Access to a page's head element using ASP.NET 2.0

One of the small, but nice, feature additions in ASP.NET 2.0 is support for a <head runat="server"> tag that you can access via the page object's "Header" property.  This is added by default to a page when you create a new one with Visual Web Developer or VS 2005.  You can then programmatically access it like so:

C#:

    this.Header.Title = "I just set the page's title";

VB:

    Me.Header.Title = "And in VB too!";

Ryan Farley just posted a nice summary that shows off a few cool uses of it (setting titles, CSS style rules and adding stylesheet links).  You can read his post here.

Raj posted a great comment on this post, about how you can add code to your master page to pull the title out of the Site Navigation system and set the title programmatically like so:

     this.Page.Title = SiteMap.CurrentNode.Title;

This allows you to store the title of a page separate from the file itself.  You can learn more about the ASP.NET 2.0 Site Navigation system here.

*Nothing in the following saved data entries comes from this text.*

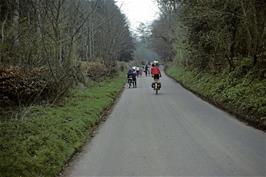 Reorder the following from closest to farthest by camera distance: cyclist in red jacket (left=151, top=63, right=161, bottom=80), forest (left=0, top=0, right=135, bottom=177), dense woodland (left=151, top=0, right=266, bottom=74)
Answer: forest (left=0, top=0, right=135, bottom=177), dense woodland (left=151, top=0, right=266, bottom=74), cyclist in red jacket (left=151, top=63, right=161, bottom=80)

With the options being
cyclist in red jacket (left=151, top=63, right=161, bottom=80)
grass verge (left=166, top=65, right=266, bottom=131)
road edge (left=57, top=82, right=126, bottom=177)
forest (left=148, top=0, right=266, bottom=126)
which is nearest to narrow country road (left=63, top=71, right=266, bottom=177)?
road edge (left=57, top=82, right=126, bottom=177)

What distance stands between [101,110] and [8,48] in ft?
16.4

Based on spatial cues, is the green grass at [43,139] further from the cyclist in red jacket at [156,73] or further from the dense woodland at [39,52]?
the cyclist in red jacket at [156,73]

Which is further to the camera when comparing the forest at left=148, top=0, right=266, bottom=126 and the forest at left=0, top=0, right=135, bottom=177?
the forest at left=148, top=0, right=266, bottom=126

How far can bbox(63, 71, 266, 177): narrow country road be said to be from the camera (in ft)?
31.1

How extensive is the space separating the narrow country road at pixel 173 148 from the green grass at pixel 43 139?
1.28ft

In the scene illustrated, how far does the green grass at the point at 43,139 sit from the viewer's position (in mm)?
9039

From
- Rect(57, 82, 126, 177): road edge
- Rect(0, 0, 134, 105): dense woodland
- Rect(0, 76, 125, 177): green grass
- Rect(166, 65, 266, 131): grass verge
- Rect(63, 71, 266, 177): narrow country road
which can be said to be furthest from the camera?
Rect(0, 0, 134, 105): dense woodland

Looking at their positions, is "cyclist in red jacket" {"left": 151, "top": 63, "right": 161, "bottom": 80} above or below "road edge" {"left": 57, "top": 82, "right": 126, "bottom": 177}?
above

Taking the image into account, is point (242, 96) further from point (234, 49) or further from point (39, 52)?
point (234, 49)

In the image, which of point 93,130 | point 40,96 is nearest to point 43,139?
point 93,130

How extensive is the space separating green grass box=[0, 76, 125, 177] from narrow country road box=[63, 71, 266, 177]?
0.39m

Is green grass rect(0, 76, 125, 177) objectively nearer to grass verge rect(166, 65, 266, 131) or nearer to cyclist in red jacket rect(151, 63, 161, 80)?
grass verge rect(166, 65, 266, 131)

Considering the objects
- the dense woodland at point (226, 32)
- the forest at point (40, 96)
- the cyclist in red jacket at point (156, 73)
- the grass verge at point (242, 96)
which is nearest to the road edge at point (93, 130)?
the forest at point (40, 96) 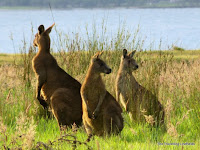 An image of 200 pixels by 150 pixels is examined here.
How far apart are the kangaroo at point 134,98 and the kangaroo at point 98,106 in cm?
77

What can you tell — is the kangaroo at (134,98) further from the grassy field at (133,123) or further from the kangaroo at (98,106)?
the kangaroo at (98,106)

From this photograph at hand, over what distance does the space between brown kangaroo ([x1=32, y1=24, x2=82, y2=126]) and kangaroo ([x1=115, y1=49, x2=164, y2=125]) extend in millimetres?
1009

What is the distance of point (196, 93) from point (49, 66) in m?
2.48

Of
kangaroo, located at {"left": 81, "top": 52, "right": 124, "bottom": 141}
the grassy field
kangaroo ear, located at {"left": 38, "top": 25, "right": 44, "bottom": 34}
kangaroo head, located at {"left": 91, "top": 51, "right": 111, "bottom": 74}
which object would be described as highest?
kangaroo ear, located at {"left": 38, "top": 25, "right": 44, "bottom": 34}

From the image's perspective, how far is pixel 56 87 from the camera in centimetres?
636

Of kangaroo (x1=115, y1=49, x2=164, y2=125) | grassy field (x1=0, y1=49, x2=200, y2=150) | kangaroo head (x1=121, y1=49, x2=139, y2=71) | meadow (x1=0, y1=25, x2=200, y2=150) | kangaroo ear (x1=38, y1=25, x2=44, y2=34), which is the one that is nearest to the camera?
meadow (x1=0, y1=25, x2=200, y2=150)

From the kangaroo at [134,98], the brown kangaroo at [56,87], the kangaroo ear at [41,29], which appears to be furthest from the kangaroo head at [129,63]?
the kangaroo ear at [41,29]

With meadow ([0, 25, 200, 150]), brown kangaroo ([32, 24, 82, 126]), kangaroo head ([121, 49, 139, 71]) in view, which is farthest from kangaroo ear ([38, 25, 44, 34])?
kangaroo head ([121, 49, 139, 71])

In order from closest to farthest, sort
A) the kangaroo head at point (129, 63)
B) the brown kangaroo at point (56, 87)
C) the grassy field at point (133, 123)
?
the grassy field at point (133, 123)
the brown kangaroo at point (56, 87)
the kangaroo head at point (129, 63)

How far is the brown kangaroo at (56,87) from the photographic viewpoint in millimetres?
6031

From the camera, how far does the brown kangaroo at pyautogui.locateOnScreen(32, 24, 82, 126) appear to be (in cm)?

I was talking with Dmitry earlier today, and he mentioned that he was planning to update his extremely cool RSS Toolkit for ASP.NET to have the <RSSToolkit:RSSHyperlink> control use the <head runat="server"> feature to automatically add the appropriate RSS feed meta-data to a page so that browsers and news-readers can automatically find and subscribe to the feed it points to.  He is hoping to include this in a new update to the RSS toolkit he is planning over the next few days.

Hope this helps,

Scott

Update: Sue posted a very useful article that lists more ways to use the <head> control here.